A typical AI development process summarily looks like data -> training -> deployment -> adjustments/abandonments after failures/complaints. While there are so many conversations about the ethics of data in AI from how it’s sourced to how representative it is, the focus here is how inadequate handling of it by placing more focus on size over contexts is an issue. Algorithms have no way of deciphering contexts or causality, they follow patterns. This is why it matters that we have data professionals who understand the social aspects of dealing with big data and more than that, that they care.
Technologists and analysts need soul
There’s so much emphasis on gaining STEM skills in order to be ‘useful’ in the digital world. Severally, Reno Omokri, a public Nigerian figure, has made remarks about the ‘uselessness’ of certain degrees—majorly those in the humanities and social sciences. One reason being that these courses and professions can and will be replaced by AI in a few years.

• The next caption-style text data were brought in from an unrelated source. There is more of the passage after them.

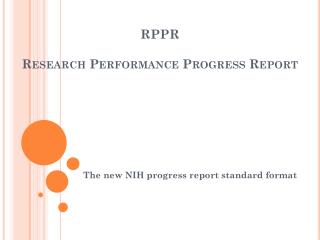 RPPR Research Performance Progress Report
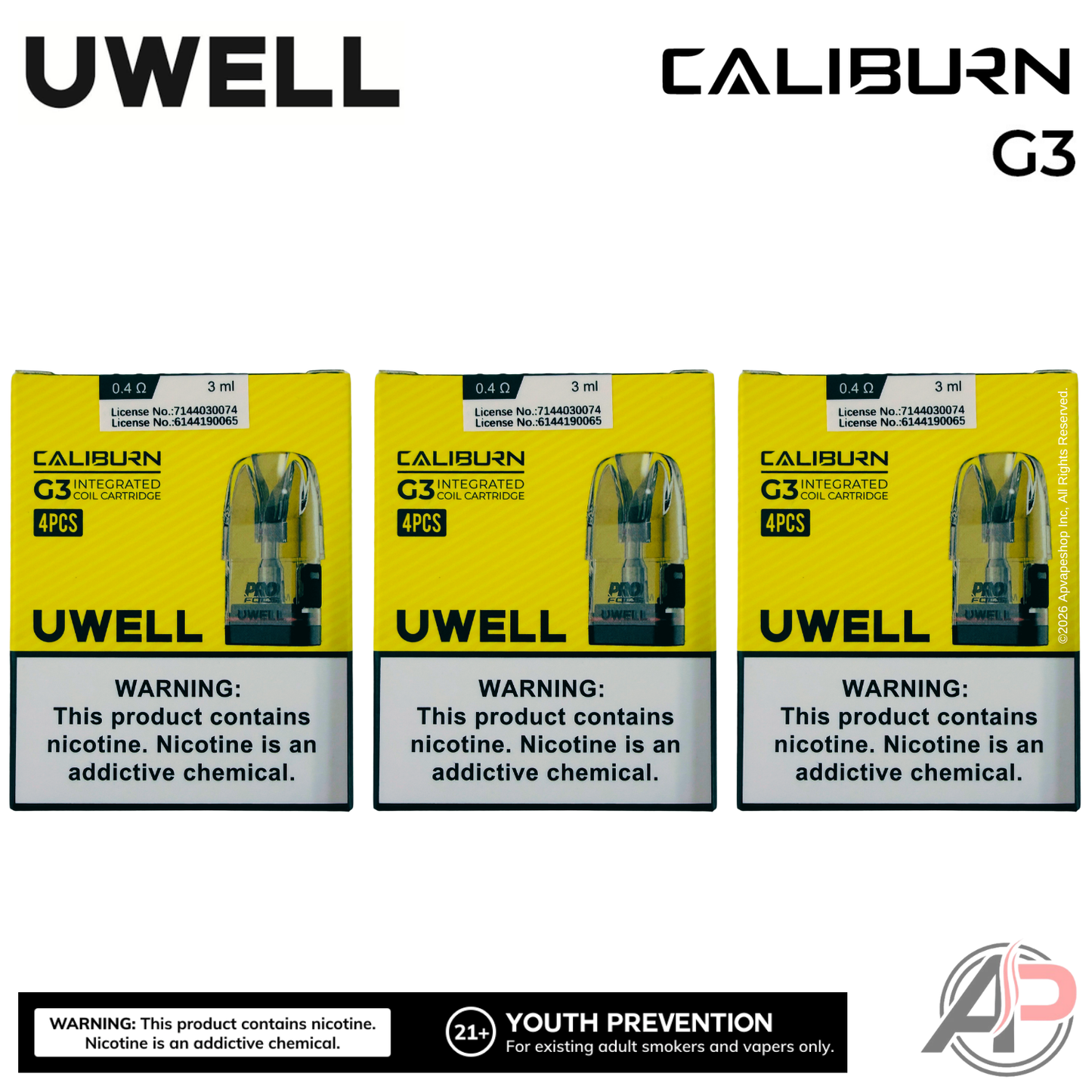 Uwell Caliburn G3 Replacement Pods 4 Pack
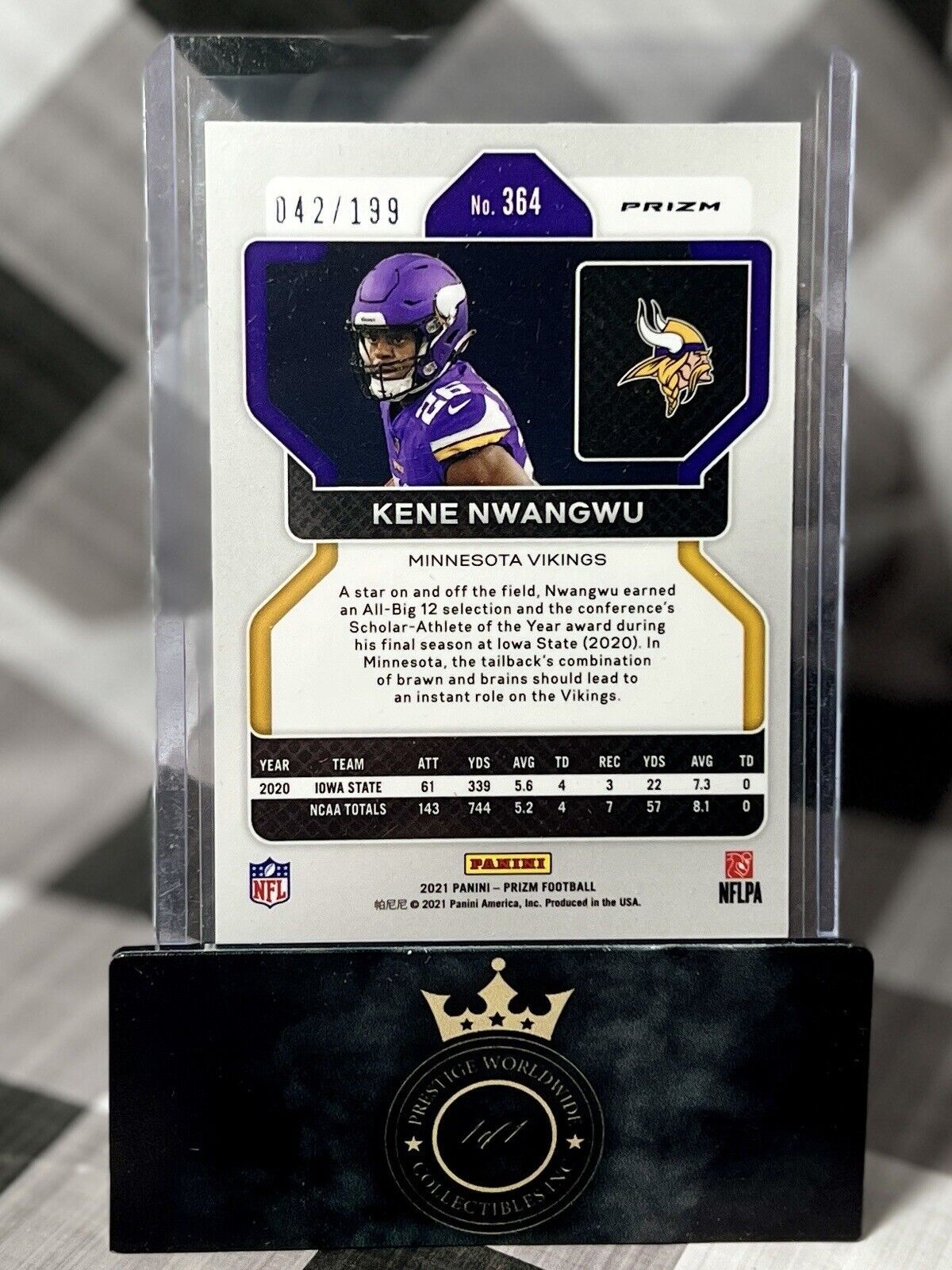 KENE NWANGWU 2021 Panini Prizm Light Blue Wave Prizm Rookie /199 #364 Vikings RC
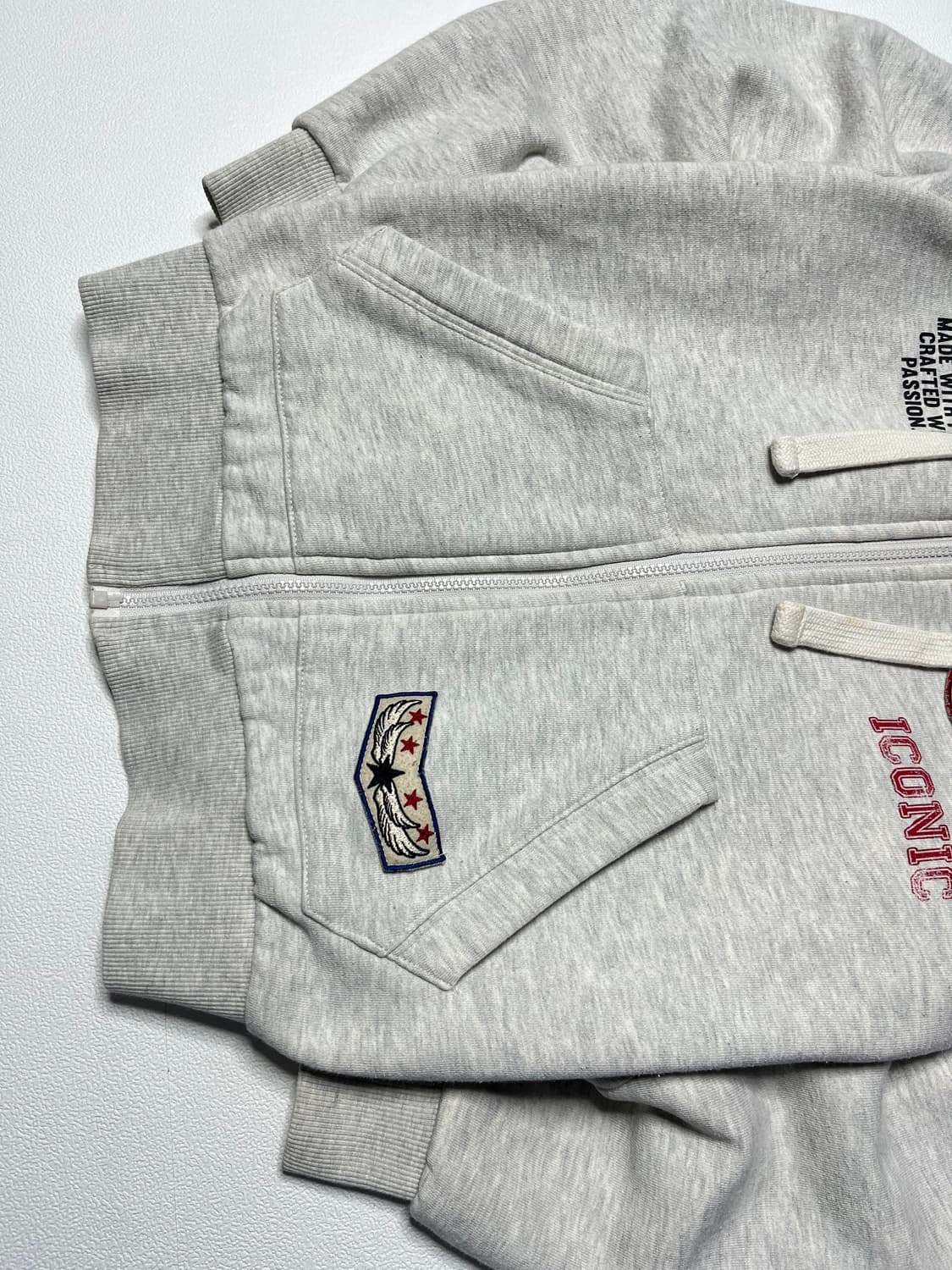 지프 양털안감 패치 후드집업 상품이미지3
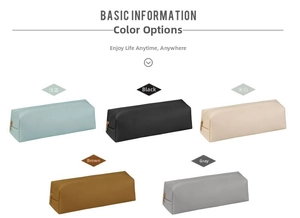 Detail view of rectangular PU leather makeup pouches in light blue, black, white, brown, and grey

I respect that argument but I have and earlier shared my own very strong thoughts on the value of humanities in AI, specifically AI in Africa.
Yes, AI is reshaping industries and redistributing values especially in the workforce. The jobs that they say would get replaced are usually humanities related. I remember seeing one that had translators as the number one (shortly after completing this, I opened LinkedIn and found this series; AI Killed My Job: Translators). But also, I have seen recent lists that referenced mathematical and computer based jobs, a lot of which are also STEM courses including data scientists & analysts.
AI can do some of the tasks expected of a data scientist and at a faster rate and so I know there’s a founder somewhere that’s considering firing their entire data team. But, no matter how much faster AI can clean and sort through data than humans and provide immediate insights, AI lacks critical thinking skills, empathy, and human understanding. Essentially, while AI can handle the numbers, it has no socio-cultural consideration and context. In the coming years I believe these are the skills the data science field would require more than ever—people who can truly humanise data. And these skills can be built by reintroducing the soul factor into analytical courses. By acknowledging the role humanities and social sciences play in building better technologies. And by equally valuing the ‘social’ in the social science fields that are heavily mathematical like data and Economics.